PROBLEM STATEMENT: The listing below is to be duplicated exactly, with every picture omitted.

*** DATASET CONTENT Section Begins ***

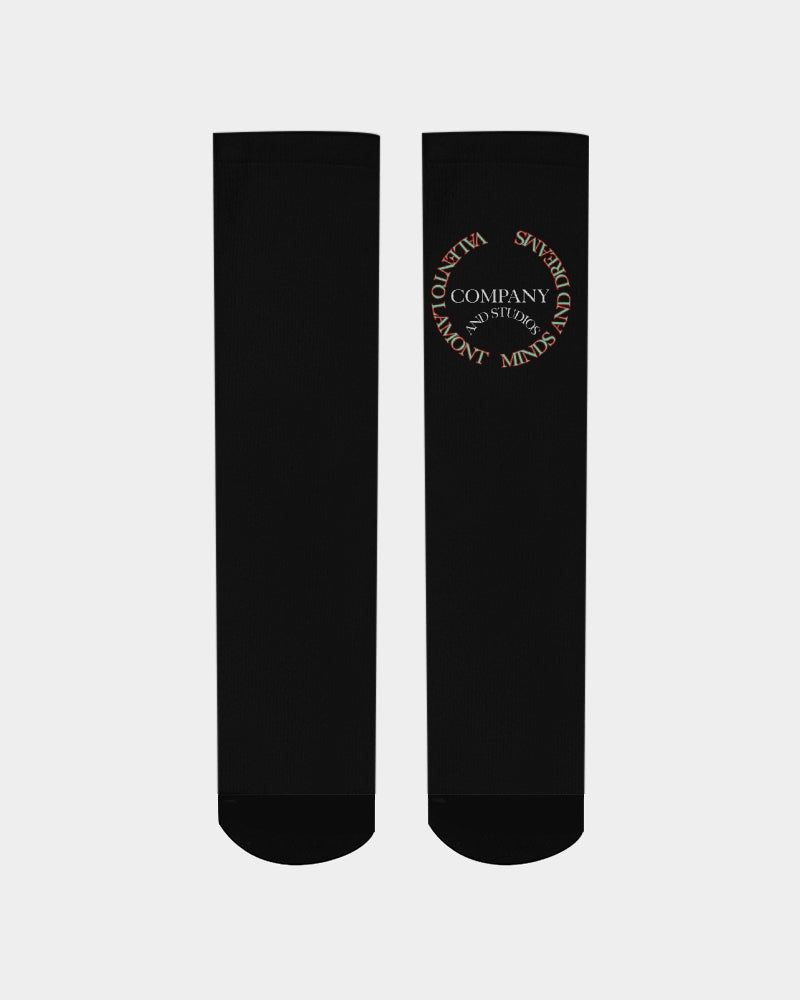 VALENTO  Men's Socks
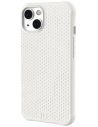 Etui UAG Urban Armor Gear Dot [U] Apple iPhone 13 (marshmallow)
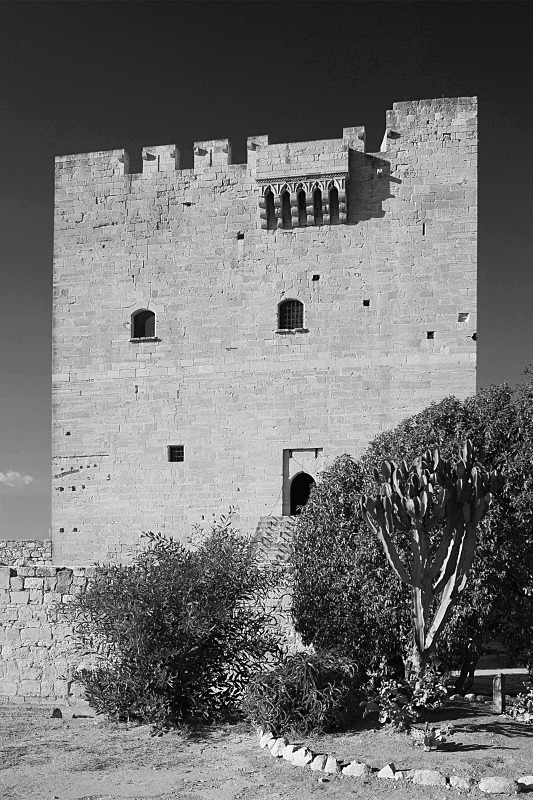 kg_6610bw - Pictorial & Stock Images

*** DATASET CONTENT Section Ends ***

TASK RESPONSE:
 VALENTO  Men's Socks
 Etui UAG Urban Armor Gear Dot [U] Apple iPhone 13 (marshmallow)
 kg_6610bw - Pictorial & Stock Images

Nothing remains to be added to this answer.